That said as many know now, my wife died and I am now alone without female companionship and it gets hard when you are used to having it and suddenly don’t. There are times I wonder why the Good Lord took her from me, but, then I realize, she is better off without pain or suffering anymore now. Then I find myself thinking of her, and it saddens me some, but, how do I overcome it is the real question ,isn’t it?

Well, one must remember to move on, one must cry in private, and I do, I also know as i grieve there is still a world out there and i am still here, even if she is not. I didn’t lose my love for her, and I never will, I just need to live my life now to the fullest I can and carry on till my time comes.That my friends is my plan now.

Anyway the Christmas Season is upon us and the lites are lit everywhere you go. Money is tight and people try to do right, and that to me is bright. We laugh, we have fun, we cheer one another up and help one another through. I told some people once, Christmas is not about material things you recieve, although the gifts are now, material thing you don’t take to your grave with you, nor are you remembered for them once you go. You are remembered for how you treat others, how well you reacted or did not react toward others. The interactions of each day of your life is how you build your reputation and that is vital, if you care.

Some of us are givers and we tend to give until we can’t anymore and then some of us are takers, the reral question is, which are you? You don’t have to give money, or gifts, you don’t have to do a thing, for anyone in the Holiday Season, it is up to each of us. You can give help to others, talk through someone’s problems, guide them along the best way to live and love and be happy. There are so many things to do for sure, to make you life more fullfilling for you and others too.

So as this Christmas Season comes into effect and we head through to the next year, be positive, be true, help others through and that will come back to you! Happiness is not an illussion folks, it’s real, but it must come from in you, not from outside of you. Do what you love, be with people you love, avoid problem people who srruggle to be the center of attention and be yourself, you can’t be loved by all, it doesn’t work that way. What does work is, being true to thyself, being honest and polite and most of all not projecting your fears or anger, or pain on someone else. So, Merry Christmas All and I wish all A Happy and Proftiable New Year too. I am not rich, I am not poor but I can wish you all Happyiness, forever more!

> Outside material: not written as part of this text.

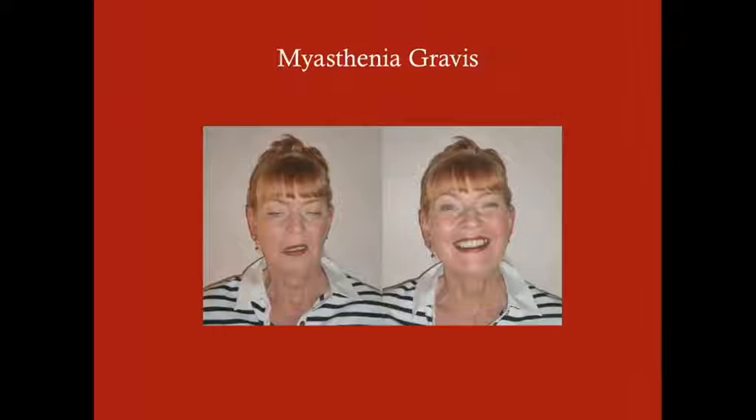Edrophonium (Tensilon) is a short-acting acetylcholinesterase inhibitor that was used as a diagnostic test — it allows transient improvement of MG symptoms. Here you can see a patient with MG before and after Tensilon administration — she returns to normal briefly — but this is only temporary and long-term treatment is necessary.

Time stops for no one or reason!


Well, in life we all tend to move on, for many reasons, sometimes the reasons are not our own choice. For instance in my case, I became a widower when my wife died. So we all make decisions as to what to do next, with the life we have left. My choice has been to get out of the house and sell it and move to Massachusetts, and try to find a peaceful life for fun, for the end of my life. At 65, I don’t want to be over active, but, nor do I want to be boring and dormant, I hope that makes sense.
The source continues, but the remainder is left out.